* TASK BRIEF: Without the pictures, restate all of the data below word for word.

Items from a data source
┄┄┄┄┄┄┄┄┄┄

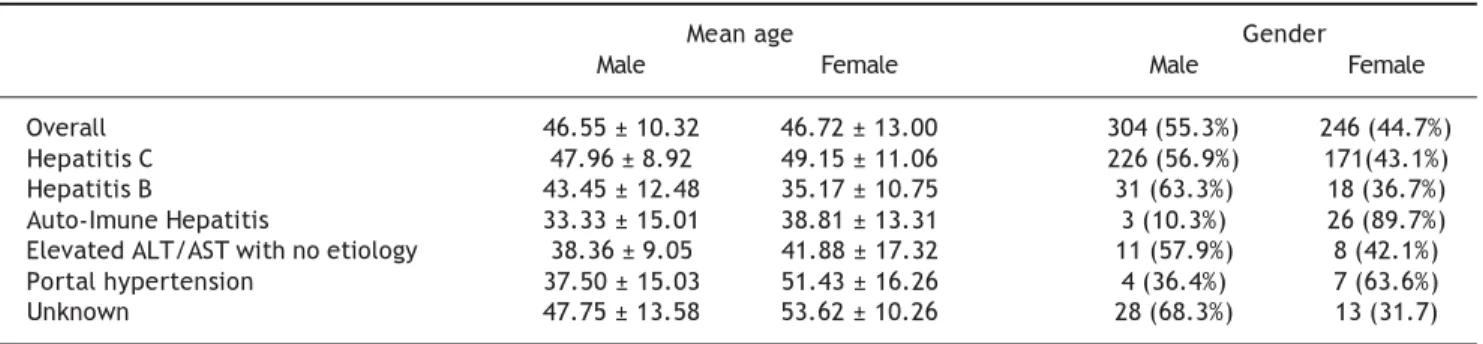 Table 1. Demographic characteristics of patients.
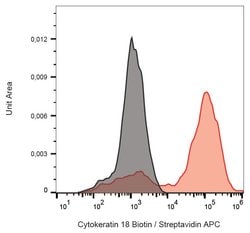 Invitrogen Cytokeratin 18 Monoclonal Antibody (DC-10), Biotin 100 &mu;g;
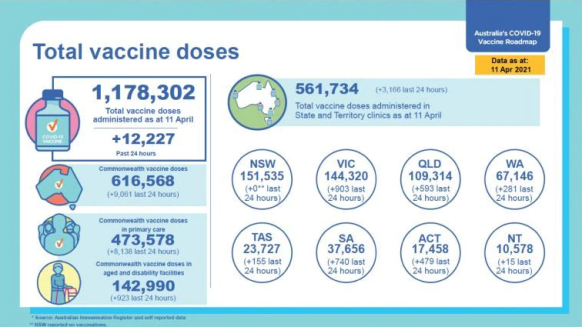 coronavirus vaccine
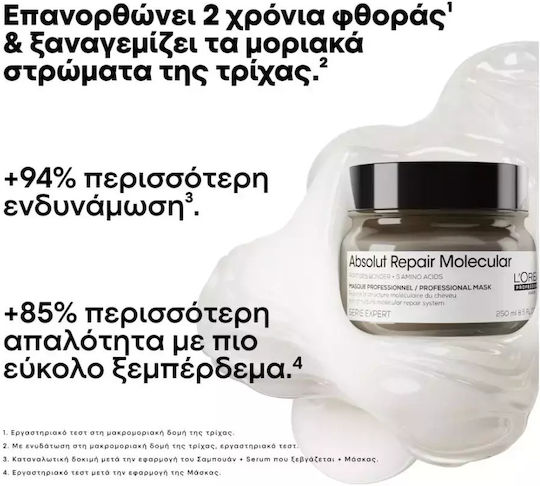 L'Oréal Professionnel Absolut Repair Molecular Hair Mask for Repairing with Peptides 500ml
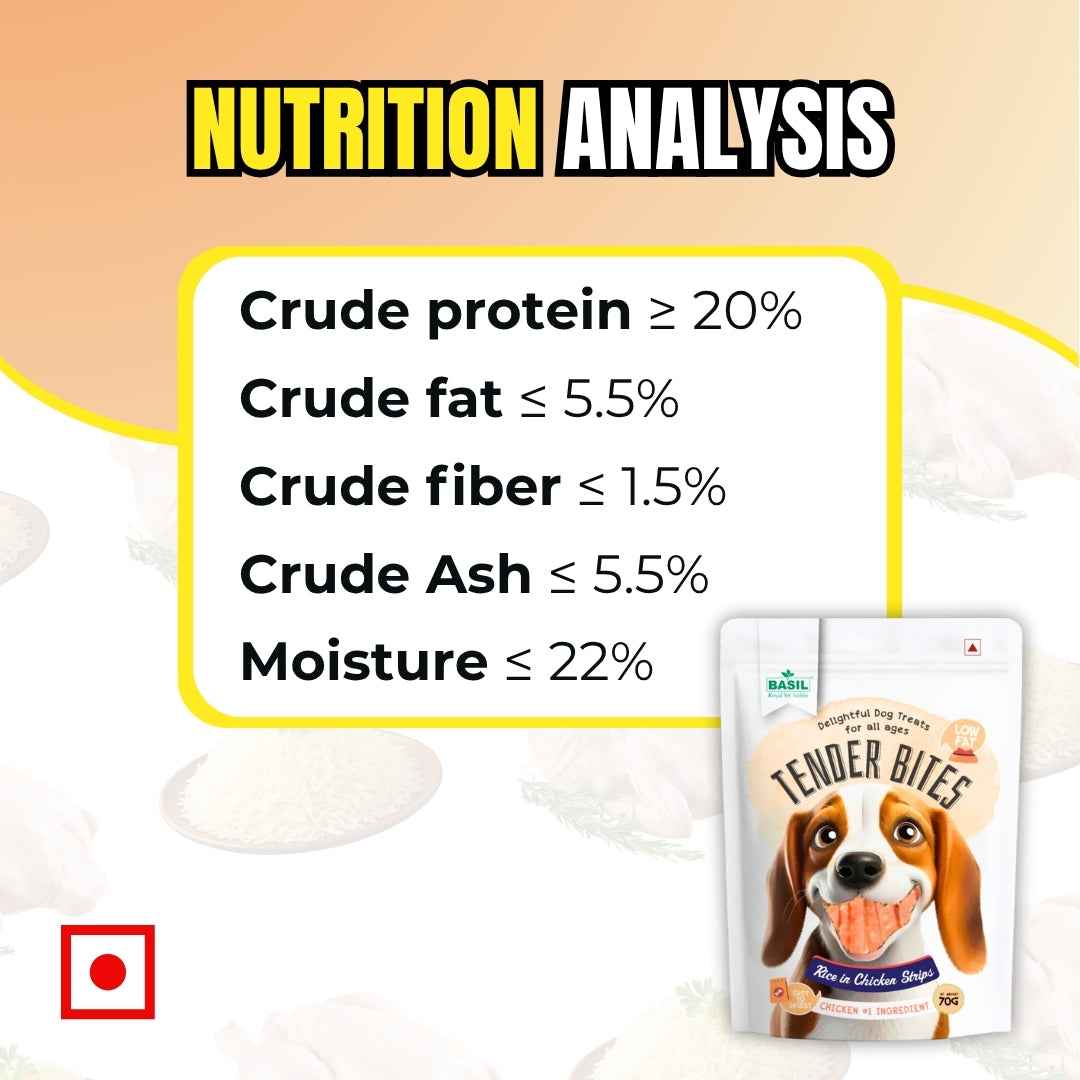 BASIL TENDER BITES Rice in Chicken Strips – Healthy & Soft Dog Treat | 70g Pack | High Protein, Gluten-Free, Training & Reward Snack for All Breeds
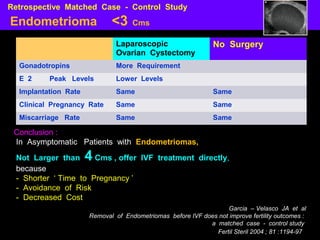 Retrospective Matched Case - Control Study
Endometrioma                 <3     Cms

                               Laparoscopic                    No Surgery
                               Ovarian Cystectomy
  Gonadotropins                More Requirement
  E 2     Peak Levels          Lower Levels
  Implantation Rate            Same                            Same
  Clinical Pregnancy Rate      Same                            Same
  Miscarriage Rate             Same                            Same

 Conclusion :
 In Asymptomatic Patients with Endometriomas,
 Not Larger than      4
                      Cms , offer IVF treatment directly,
 because
 - Shorter ‘ Time to Pregnancy ’
 - Avoidance of Risk
 - Decreased Cost
                                                                   Garcia – Velasco JA et al
                      Removal of Endometriomas before IVF does not improve fertility outcomes :
                                                            a matched case - control study
                                                              Fertil Steril 2004 ; 81 :1194-97
 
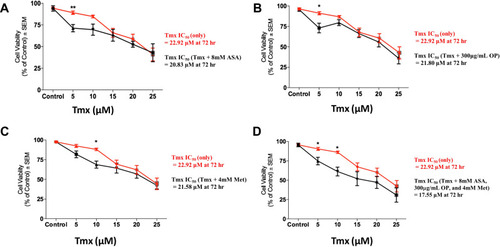 Figure 6 Cell viability of tamoxifen (Tmx) resistant MDA-MB-231-TmxR tumour MCTS following treatment with Tmx in a dose-response or in combination with (A) acetylsalicylic acid (ASA), (B) oseltamivir phosphate (OP), (C) metformin (Met) and (D) cocktail of ASA, OP, and Met using the WST-1 cell proliferation assay. The cell viability of MDA-MB-231-TmxR MCTS with increasing Tmx concentrations in the presence or absence of 8 mM ASA (A), 300 µg/mL OP (B), 4mM Met (C), and a cocktail of 8 mM ASA, 300 µg/mL OP, and 4 mM Met (D). The IC50 values represent the individual drug concentration to inhibit 50% of the cell viability. The half-maximal inhibitory concentration (IC50) was calculated using logarithmic regression with GraphPad Prism. The data are representative of two replicates of two independent experiments performed in triplicate with n=30–60 MCTS analyzed at each Tmx concentrations. Unpaired t-test was used to determine significant differences in cell viability between MDA-MB-231-TmxR MCTS with Tmx alone or in combination with ASA, OP, and Met at each Tmx concentration with asterisks for statistical significance *p ≤ 0.05, **p ≤ 0.001.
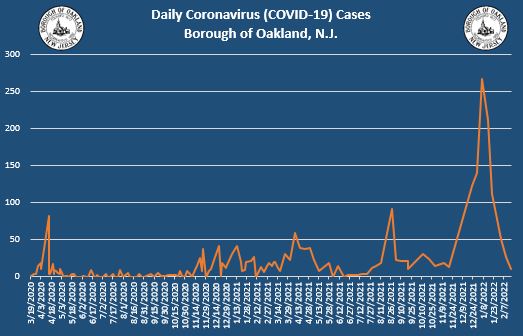 Coronavirus Update 2 17 2022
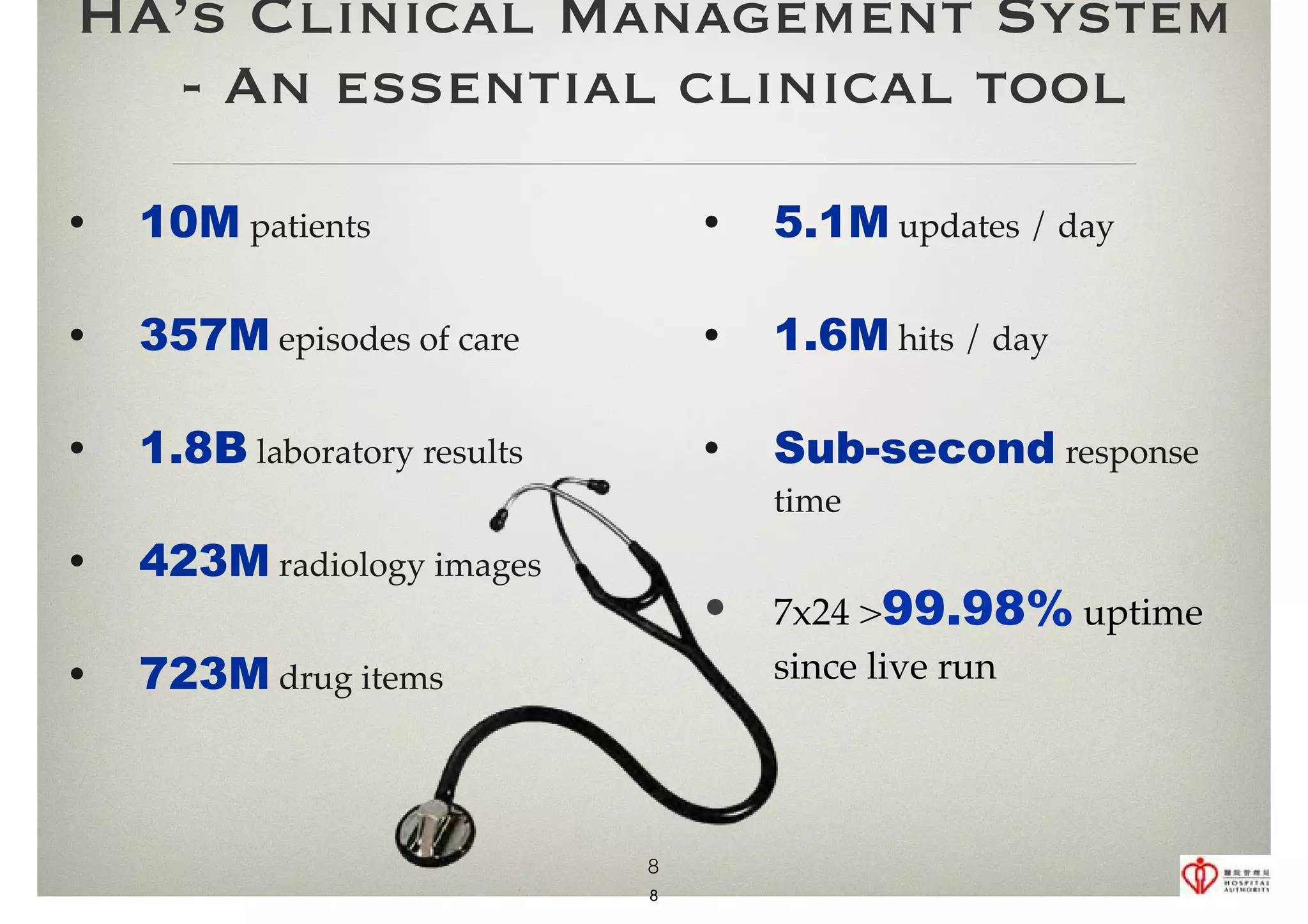 HA’s Clinical Management System 
- An essential clinical tool 
• 10M patients 
• 357M episodes of care 
• 1.8B laboratory results 
• 423M radiology images 
• 723M drug items 
• 5.1M updates / day 
• 1.6M hits / day 
• Sub-second response 
time 
• 7x24 >99.98% uptime 
since live run 
8 
8 
 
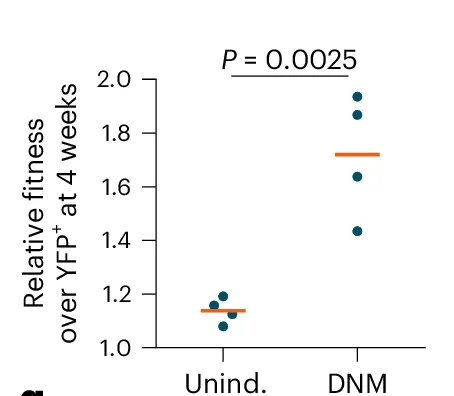 Open access visualization of Scatter Plot, Relative Fitness, YFP Cells, Stratification Ratio, DNM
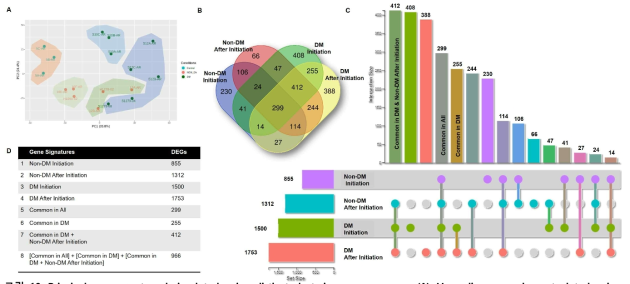 Principal component analysis plot showing distinct clustering among groups (A). Venn diagram and upset plot showing the number of DEGs per combination (B,C) and list of gene signatures based on the combination analysis (D)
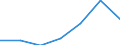 Exporte 20601440 Synthetische Monofile von >= 67 dtex und einem größten Durchmesser von <= 1 mm (ausgenommen Polypropylen-Monofile)/ Streifen und dergleichen (z. B. künstliches Stroh) aus synthetischer Spinnmass /in 1000 kg /Meldeland: Litauen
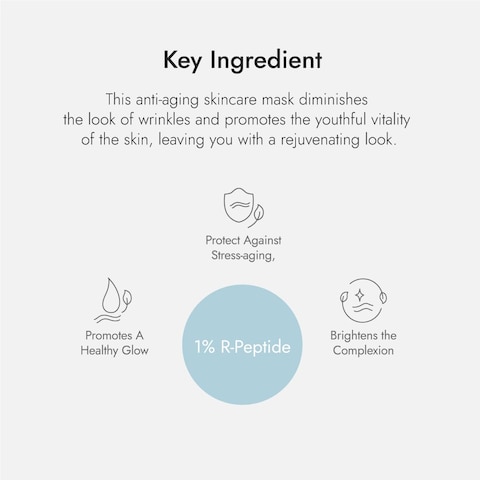 AS OF TODAY Peptide Renewing Facial Mask Sheet 5Pack  Intensive Hydrating Face Masks  Deep Moisturizing Rejuvenating Soothing Face Mask for All Skin Type  Minimal  Clean Beauty Korean
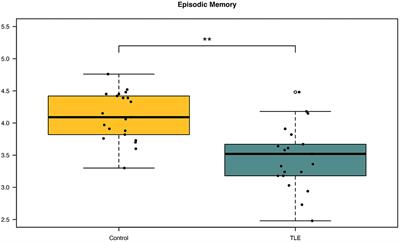 Episodic Memory Dysfunction and Effective Connectivity in Adult Patients With Newly Diagnosed Nonlesional Temporal Lobe Epilepsy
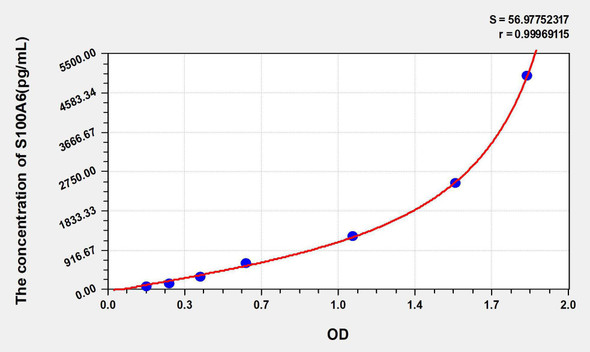 Human S100A6 (S100 Calcium Binding Protein A6) ELISA Kit (AEKE05413)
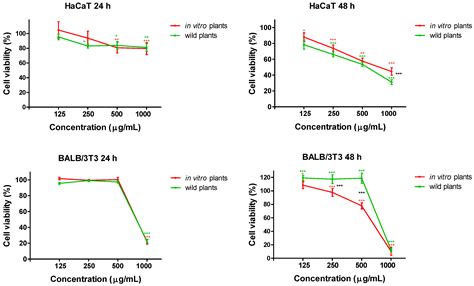 Antitumor Activity of Whole-Plant Extracts from In Vitro Cultured and ...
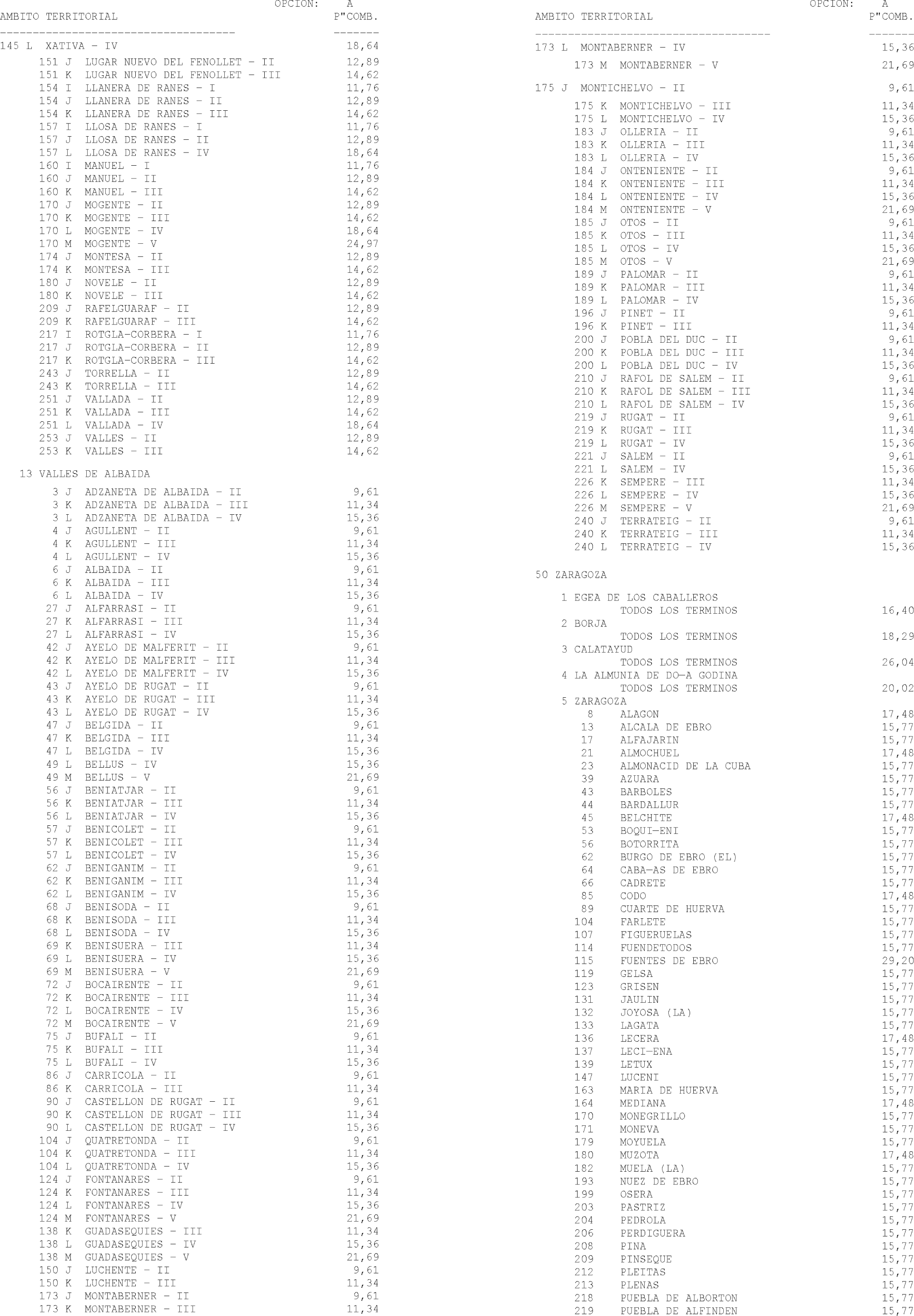 Imagen: /datos/imagenes/disp/2004/37/02642_10118548_image65.png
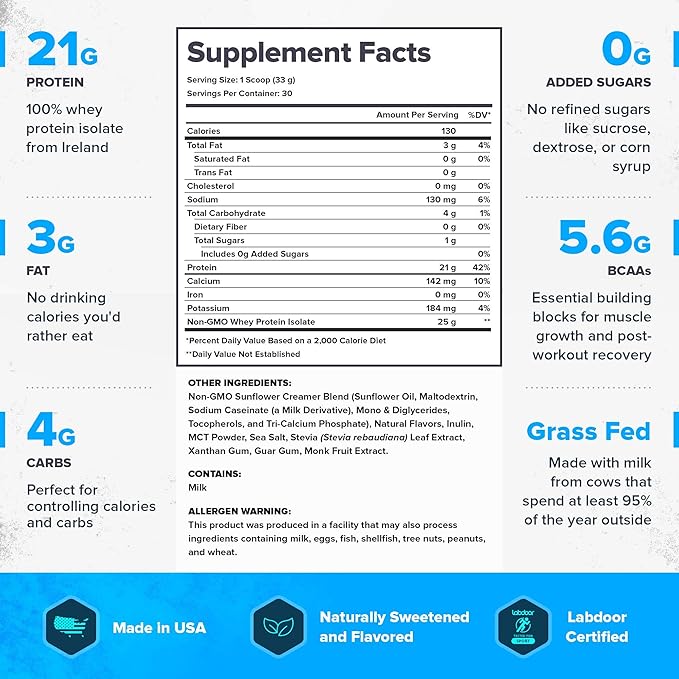 LEGION Whey+ Whey Isolate Protein Powder from Grass Fed Cows - Low Carb, Low Calorie, Non-GMO, Lactose Free, Gluten Free, Sugar Free, All Natural Whey Protein Isolate, (30 Serving, Fruity Cereal)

┄┄┄┄┄┄┄┄┄┄

* ANSWER TO THE EXERCISE:
 Table 1. Demographic characteristics of patients.
 Invitrogen Cytokeratin 18 Monoclonal Antibody (DC-10), Biotin 100 &mu;g;
 coronavirus vaccine
 L'Oréal Professionnel Absolut Repair Molecular Hair Mask for Repairing with Peptides 500ml
 BASIL TENDER BITES Rice in Chicken Strips – Healthy & Soft Dog Treat | 70g Pack | High Protein, Gluten-Free, Training & Reward Snack for All Breeds
 Retrospective Matched Case - Control Study
Endometrioma                 <3     Cms

                               Laparoscopic                    No Surgery
                               Ovarian Cystectomy
  Gonadotropins                More Requirement
  E 2     Peak Levels          Lower Levels
  Implantation Rate            Same                            Same
  Clinical Pregnancy Rate      Same                            Same
  Miscarriage Rate             Same                            Same

 Conclusion :
 In Asymptomatic Patients with Endometriomas,
 Not Larger than      4
                      Cms , offer IVF treatment directly,
 because
 - Shorter ‘ Time to Pregnancy ’
 - Avoidance of Risk
 - Decreased Cost
                                                                   Garcia – Velasco JA et al
                      Removal of Endometriomas before IVF does not improve fertility outcomes :
                                                            a matched case - control study
                                                              Fertil Steril 2004 ; 81 :1194-97
 
 Figure 6 Cell viability of tamoxifen (Tmx) resistant MDA-MB-231-TmxR tumour MCTS following treatment with Tmx in a dose-response or in combination with (A) acetylsalicylic acid (ASA), (B) oseltamivir phosphate (OP), (C) metformin (Met) and (D) cocktail of ASA, OP, and Met using the WST-1 cell proliferation assay. The cell viability of MDA-MB-231-TmxR MCTS with increasing Tmx concentrations in the presence or absence of 8 mM ASA (A), 300 µg/mL OP (B), 4mM Met (C), and a cocktail of 8 mM ASA, 300 µg/mL OP, and 4 mM Met (D). The IC50 values represent the individual drug concentration to inhibit 50% of the cell viability. The half-maximal inhibitory concentration (IC50) was calculated using logarithmic regression with GraphPad Prism. The data are representative of two replicates of two independent experiments performed in triplicate with n=30–60 MCTS analyzed at each Tmx concentrations. Unpaired t-test was used to determine significant differences in cell viability between MDA-MB-231-TmxR MCTS with Tmx alone or in combination with ASA, OP, and Met at each Tmx concentration with asterisks for statistical significance *p ≤ 0.05, **p ≤ 0.001.
 Coronavirus Update 2 17 2022
 HA’s Clinical Management System 
- An essential clinical tool 
• 10M patients 
• 357M episodes of care 
• 1.8B laboratory results 
• 423M radiology images 
• 723M drug items 
• 5.1M updates / day 
• 1.6M hits / day 
• Sub-second response 
time 
• 7x24 >99.98% uptime 
since live run 
8 
8 
 
 Open access visualization of Scatter Plot, Relative Fitness, YFP Cells, Stratification Ratio, DNM
 Principal component analysis plot showing distinct clustering among groups (A). Venn diagram and upset plot showing the number of DEGs per combination (B,C) and list of gene signatures based on the combination analysis (D)
 Exporte 20601440 Synthetische Monofile von >= 67 dtex und einem größten Durchmesser von <= 1 mm (ausgenommen Polypropylen-Monofile)/ Streifen und dergleichen (z. B. künstliches Stroh) aus synthetischer Spinnmass /in 1000 kg /Meldeland: Litauen
 AS OF TODAY Peptide Renewing Facial Mask Sheet 5Pack  Intensive Hydrating Face Masks  Deep Moisturizing Rejuvenating Soothing Face Mask for All Skin Type  Minimal  Clean Beauty Korean
 Episodic Memory Dysfunction and Effective Connectivity in Adult Patients With Newly Diagnosed Nonlesional Temporal Lobe Epilepsy
 Human S100A6 (S100 Calcium Binding Protein A6) ELISA Kit (AEKE05413)
 Antitumor Activity of Whole-Plant Extracts from In Vitro Cultured and ...
 Imagen: /datos/imagenes/disp/2004/37/02642_10118548_image65.png
 LEGION Whey+ Whey Isolate Protein Powder from Grass Fed Cows - Low Carb, Low Calorie, Non-GMO, Lactose Free, Gluten Free, Sugar Free, All Natural Whey Protein Isolate, (30 Serving, Fruity Cereal)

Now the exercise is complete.